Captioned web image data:
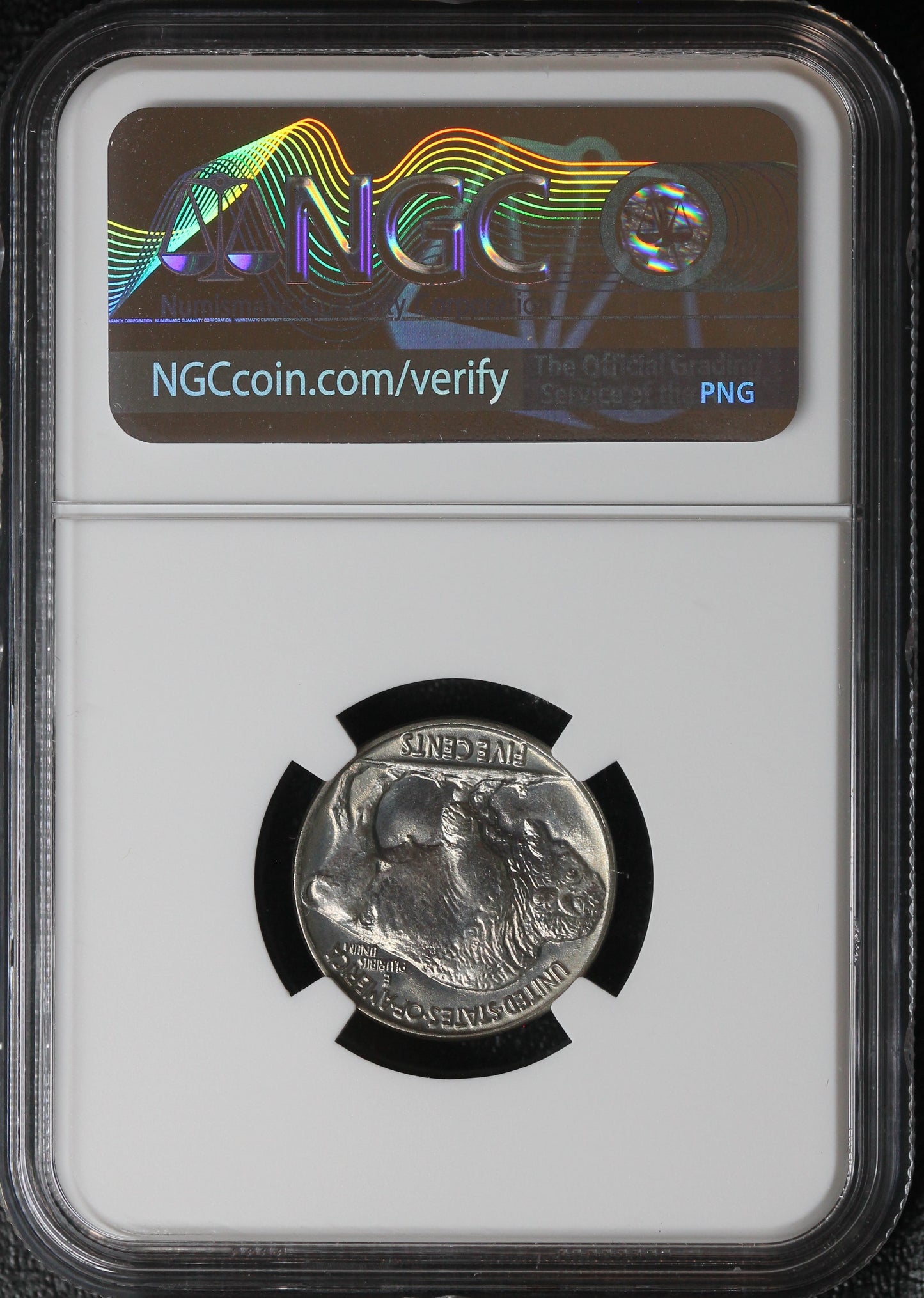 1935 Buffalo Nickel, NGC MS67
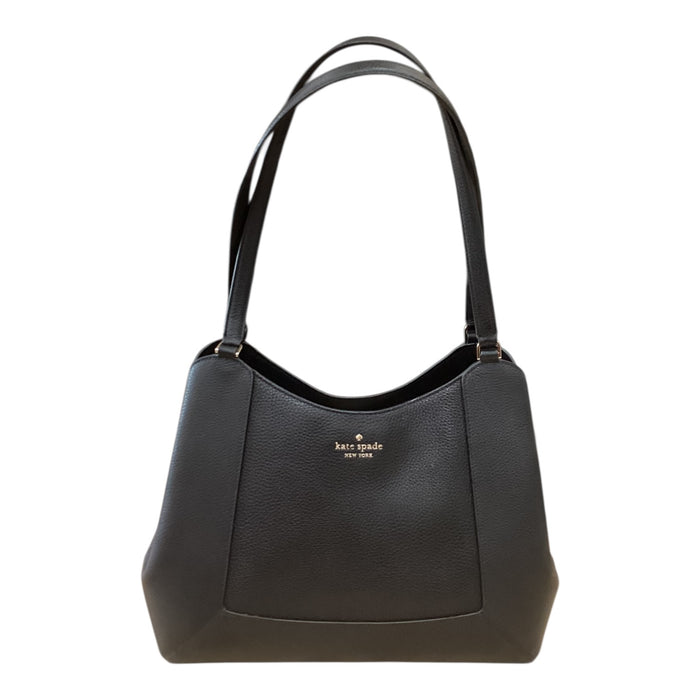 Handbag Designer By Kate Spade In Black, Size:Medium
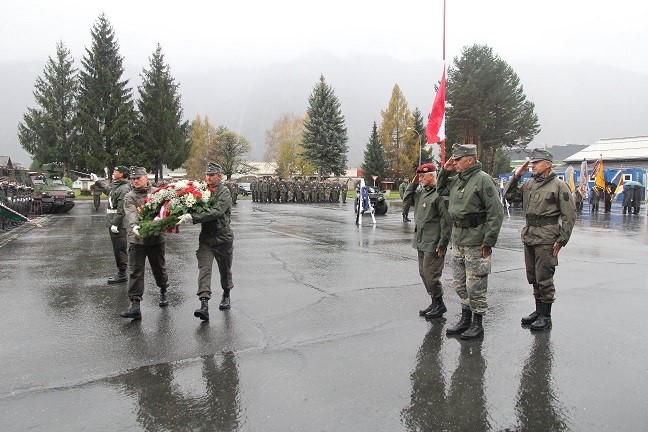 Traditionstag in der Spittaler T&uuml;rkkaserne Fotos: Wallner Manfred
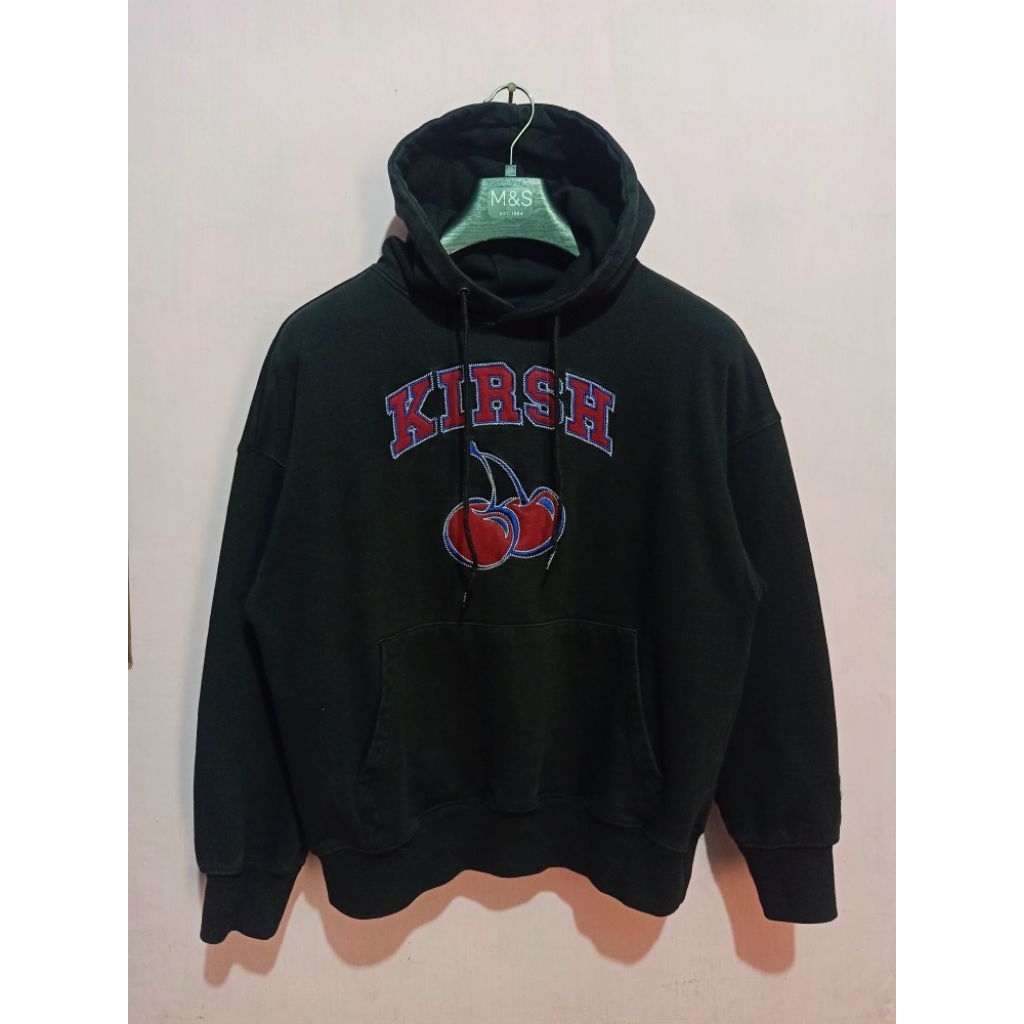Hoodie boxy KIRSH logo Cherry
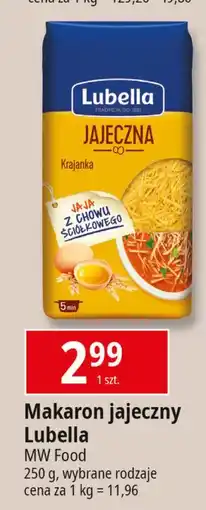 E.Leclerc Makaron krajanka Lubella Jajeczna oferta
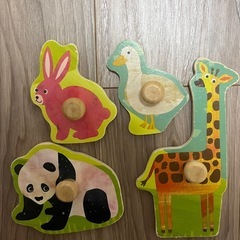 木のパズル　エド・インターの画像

▶ [Instructions for the task] Starting at the line that contains "E.Leclerc Makaron krajanka", transcribe each line through the last one of the entries above, exactly and without pictures.

▶ [Solved exercise]
 E.Leclerc Makaron krajanka Lubella Jajeczna oferta
 木のパズル　エド・インターの画像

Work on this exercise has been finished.